The best way to get a handle on your personal finances and minimize stress is to create and follow a household budget.  Having a budget is a good idea regardless of income level. The good news is that it’s pretty easy to create one. Just follow these steps.

Step 1. Calculate Your Total Income

First, determine how much you earn from your job every month. You want to know your net income and not your gross income. Your net income is the amount you bring home in your paycheck after all the government taxes and other deductions have been made.

Then, add on income you receive from other sources to live on such as from rental property. Knowing how much you have available to save and spend is the key.

If your income isn’t always a fixed amount every month, you can take your total pay for the last 3 to 6 months and just get the average over that period of time.

Wait, where is all this going?

Okay, here’s the deal. Your objective is to get a snapshot of your savings, income and expenses as they stand today. This will help you to identify areas where you can reduce expenses and save more money. Then, after analyzing each area, you’re going to create a household budget that you’ll follow going forward.

Step 2. Tally Your Expenses

Once you know how much money you have available to live on each month, you need to grab all your bills and statements from last month. This includes credit card statements, utility bills, checkbook, etc.

In a moment you’re going to separate them into fixed and variable expenses. But don’t panic, this is super easy.

Step 3. Create a Budget Spreadsheet Template

On a spreadsheet, you’re going to create an outline for listing your savings, income, and expenses.
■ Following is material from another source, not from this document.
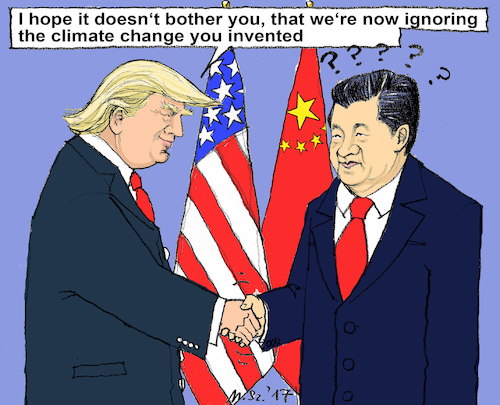 Cartoon: Diplomacy (medium) by MarkusSzy tagged usa,china,trump,xi,diplomacy,climatechange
Here’s an example of a basic layout.

Savings
1.
2.
Total

Income
1.
2.
Total

Expenses
1.
2.
Total

Step 4. Complete the Spreadsheet

Breakdown your savings amounts into categories like these:

1. Roth IRA
2. Mutual Funds
3. Money Market Fund
4. Savings Account

(Note: If you have money automatically deducted from your paycheck to go into a 401k or other retirement funds, don’t list it here. We’re only dealing with what you do with your take home paycheck and money from other sources.)

Breakdown your income amounts into categories like these:

Remember to list only sources that you use to live on.

1. Salaries/Wages
2. Capital Gains/Interest Income
3. Real Estate Rental Income
4. Pension Income
5. Tax Refund Income
6. Other Income

Breakdown your expense amounts into these 4 major categories and their subcategories discussed further down the page:

1. Essential Fixed Expenses
2. Non-essential Fixed Expenses
3. Essential Variable Expenses
4. Non-essential Variable Expenses

What are Essential and Non-Essential Expenses?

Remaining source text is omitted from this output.